[The problem] All lines below containing "sleeve" are to be listed.

Short web captions

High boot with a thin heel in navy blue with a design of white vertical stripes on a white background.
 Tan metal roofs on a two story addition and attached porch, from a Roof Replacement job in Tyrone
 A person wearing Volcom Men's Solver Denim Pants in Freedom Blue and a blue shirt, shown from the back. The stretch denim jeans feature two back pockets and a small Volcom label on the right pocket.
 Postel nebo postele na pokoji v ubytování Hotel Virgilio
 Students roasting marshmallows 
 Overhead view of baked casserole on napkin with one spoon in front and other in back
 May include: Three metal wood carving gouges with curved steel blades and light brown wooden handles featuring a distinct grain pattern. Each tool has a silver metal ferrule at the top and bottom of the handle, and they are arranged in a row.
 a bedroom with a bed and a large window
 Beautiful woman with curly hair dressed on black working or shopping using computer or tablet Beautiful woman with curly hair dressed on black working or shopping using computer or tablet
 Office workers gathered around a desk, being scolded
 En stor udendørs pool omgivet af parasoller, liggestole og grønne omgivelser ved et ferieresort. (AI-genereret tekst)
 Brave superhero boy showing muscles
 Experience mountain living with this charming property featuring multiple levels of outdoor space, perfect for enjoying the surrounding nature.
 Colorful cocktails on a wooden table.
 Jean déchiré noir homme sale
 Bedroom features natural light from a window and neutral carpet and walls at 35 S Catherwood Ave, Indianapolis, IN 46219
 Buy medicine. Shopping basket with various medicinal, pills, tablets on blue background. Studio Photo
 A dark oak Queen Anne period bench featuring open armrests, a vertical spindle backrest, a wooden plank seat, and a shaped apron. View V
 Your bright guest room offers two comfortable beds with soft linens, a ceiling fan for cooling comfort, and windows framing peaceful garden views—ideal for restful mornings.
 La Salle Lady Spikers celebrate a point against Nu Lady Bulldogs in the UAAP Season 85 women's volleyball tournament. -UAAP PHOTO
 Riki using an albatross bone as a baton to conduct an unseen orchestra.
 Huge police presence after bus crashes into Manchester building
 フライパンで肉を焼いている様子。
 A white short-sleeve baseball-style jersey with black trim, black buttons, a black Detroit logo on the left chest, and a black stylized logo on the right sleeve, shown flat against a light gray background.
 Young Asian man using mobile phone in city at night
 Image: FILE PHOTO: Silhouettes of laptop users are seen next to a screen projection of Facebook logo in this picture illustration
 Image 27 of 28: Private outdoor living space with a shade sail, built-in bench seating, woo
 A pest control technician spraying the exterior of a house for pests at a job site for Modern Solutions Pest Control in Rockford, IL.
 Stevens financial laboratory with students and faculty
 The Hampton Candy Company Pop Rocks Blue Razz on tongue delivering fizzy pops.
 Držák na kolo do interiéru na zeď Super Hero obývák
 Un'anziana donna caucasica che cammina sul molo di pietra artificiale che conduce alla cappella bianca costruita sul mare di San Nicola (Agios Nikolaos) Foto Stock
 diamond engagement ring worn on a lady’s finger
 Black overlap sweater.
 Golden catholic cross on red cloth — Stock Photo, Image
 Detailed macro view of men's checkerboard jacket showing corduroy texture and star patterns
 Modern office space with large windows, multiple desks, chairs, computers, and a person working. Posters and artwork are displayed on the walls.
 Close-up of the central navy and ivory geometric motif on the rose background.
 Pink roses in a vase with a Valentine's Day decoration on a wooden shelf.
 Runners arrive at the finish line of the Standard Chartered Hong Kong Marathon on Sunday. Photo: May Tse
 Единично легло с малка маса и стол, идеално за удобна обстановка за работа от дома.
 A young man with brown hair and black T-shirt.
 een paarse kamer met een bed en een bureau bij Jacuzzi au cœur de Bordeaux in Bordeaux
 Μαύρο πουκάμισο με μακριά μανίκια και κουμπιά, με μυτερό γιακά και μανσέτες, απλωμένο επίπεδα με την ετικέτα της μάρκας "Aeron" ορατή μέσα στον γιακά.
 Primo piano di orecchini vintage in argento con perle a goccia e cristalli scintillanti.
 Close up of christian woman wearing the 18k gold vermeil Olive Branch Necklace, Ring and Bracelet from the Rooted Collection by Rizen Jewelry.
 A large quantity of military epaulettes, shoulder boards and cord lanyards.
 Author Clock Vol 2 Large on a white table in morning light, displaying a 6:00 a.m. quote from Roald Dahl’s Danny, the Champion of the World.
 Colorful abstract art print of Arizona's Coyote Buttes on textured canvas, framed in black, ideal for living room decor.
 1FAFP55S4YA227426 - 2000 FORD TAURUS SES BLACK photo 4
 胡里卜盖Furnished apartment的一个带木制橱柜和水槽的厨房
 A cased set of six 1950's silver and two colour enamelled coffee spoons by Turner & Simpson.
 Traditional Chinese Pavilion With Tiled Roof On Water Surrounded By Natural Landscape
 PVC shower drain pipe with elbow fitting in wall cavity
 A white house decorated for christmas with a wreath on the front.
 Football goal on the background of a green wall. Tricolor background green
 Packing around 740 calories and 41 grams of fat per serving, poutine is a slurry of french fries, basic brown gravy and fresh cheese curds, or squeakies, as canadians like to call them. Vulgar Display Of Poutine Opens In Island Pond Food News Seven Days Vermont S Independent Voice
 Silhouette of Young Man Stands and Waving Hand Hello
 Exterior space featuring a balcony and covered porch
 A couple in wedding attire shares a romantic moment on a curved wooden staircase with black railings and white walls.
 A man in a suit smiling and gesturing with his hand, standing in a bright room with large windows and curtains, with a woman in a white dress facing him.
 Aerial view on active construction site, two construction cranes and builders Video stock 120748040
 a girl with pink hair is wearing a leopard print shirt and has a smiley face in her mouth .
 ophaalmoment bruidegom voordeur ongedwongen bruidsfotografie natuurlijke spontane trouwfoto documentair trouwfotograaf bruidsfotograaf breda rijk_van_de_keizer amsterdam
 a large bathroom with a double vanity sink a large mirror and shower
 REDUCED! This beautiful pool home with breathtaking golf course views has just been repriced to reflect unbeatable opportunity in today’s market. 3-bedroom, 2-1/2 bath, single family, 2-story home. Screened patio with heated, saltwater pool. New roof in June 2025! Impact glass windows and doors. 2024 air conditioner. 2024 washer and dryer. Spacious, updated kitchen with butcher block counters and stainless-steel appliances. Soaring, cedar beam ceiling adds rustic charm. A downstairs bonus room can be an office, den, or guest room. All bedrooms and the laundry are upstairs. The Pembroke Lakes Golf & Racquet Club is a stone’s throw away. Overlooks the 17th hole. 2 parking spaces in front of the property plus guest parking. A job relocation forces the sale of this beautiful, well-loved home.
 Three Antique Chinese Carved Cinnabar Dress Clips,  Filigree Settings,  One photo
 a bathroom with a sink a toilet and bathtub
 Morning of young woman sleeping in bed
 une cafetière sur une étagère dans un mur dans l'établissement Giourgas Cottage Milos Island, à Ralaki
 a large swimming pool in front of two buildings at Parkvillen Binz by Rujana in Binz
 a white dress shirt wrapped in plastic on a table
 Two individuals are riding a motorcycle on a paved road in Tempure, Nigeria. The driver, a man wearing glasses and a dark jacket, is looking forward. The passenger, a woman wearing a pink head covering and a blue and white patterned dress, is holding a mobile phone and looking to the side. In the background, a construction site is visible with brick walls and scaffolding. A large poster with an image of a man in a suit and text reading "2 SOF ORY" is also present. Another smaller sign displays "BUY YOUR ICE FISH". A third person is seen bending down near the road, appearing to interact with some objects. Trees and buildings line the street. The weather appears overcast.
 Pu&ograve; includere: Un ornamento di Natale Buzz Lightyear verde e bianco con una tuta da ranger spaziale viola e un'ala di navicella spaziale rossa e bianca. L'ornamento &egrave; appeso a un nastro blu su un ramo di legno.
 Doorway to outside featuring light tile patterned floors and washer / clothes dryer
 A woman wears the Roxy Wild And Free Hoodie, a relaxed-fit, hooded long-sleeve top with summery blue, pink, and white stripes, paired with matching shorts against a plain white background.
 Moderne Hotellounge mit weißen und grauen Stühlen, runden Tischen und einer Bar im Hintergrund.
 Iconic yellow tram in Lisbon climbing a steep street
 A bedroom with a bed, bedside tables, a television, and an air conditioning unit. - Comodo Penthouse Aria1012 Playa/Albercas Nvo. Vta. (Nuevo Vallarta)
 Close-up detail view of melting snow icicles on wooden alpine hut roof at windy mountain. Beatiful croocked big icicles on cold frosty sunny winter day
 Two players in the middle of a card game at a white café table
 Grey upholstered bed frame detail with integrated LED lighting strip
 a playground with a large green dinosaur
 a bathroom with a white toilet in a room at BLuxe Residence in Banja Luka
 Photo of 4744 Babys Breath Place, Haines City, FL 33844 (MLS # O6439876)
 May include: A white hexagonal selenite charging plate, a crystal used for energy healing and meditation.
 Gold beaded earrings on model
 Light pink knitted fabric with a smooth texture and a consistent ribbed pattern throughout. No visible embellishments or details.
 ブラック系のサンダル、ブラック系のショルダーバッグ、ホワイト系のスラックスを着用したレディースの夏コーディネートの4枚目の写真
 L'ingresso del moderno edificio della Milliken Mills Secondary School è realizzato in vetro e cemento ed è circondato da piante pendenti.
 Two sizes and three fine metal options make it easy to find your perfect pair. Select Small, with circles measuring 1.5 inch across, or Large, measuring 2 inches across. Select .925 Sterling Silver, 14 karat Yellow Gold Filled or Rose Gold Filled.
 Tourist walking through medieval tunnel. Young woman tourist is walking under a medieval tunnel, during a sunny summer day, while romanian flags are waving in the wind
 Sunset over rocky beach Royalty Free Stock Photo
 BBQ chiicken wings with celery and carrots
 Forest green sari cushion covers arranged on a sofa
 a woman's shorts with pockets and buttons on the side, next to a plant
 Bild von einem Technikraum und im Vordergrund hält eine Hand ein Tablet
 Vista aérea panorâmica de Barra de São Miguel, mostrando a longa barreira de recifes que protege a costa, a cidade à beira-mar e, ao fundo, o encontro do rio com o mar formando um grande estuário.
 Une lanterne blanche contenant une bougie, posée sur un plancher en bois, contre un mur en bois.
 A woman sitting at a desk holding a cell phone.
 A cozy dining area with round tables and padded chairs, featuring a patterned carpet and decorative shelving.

[Your solution]
 A white short-sleeve baseball-style jersey with black trim, black buttons, a black Detroit logo on the left chest, and a black stylized logo on the right sleeve, shown flat against a light gray background.
 A woman wears the Roxy Wild And Free Hoodie, a relaxed-fit, hooded long-sleeve top with summery blue, pink, and white stripes, paired with matching shorts against a plain white background.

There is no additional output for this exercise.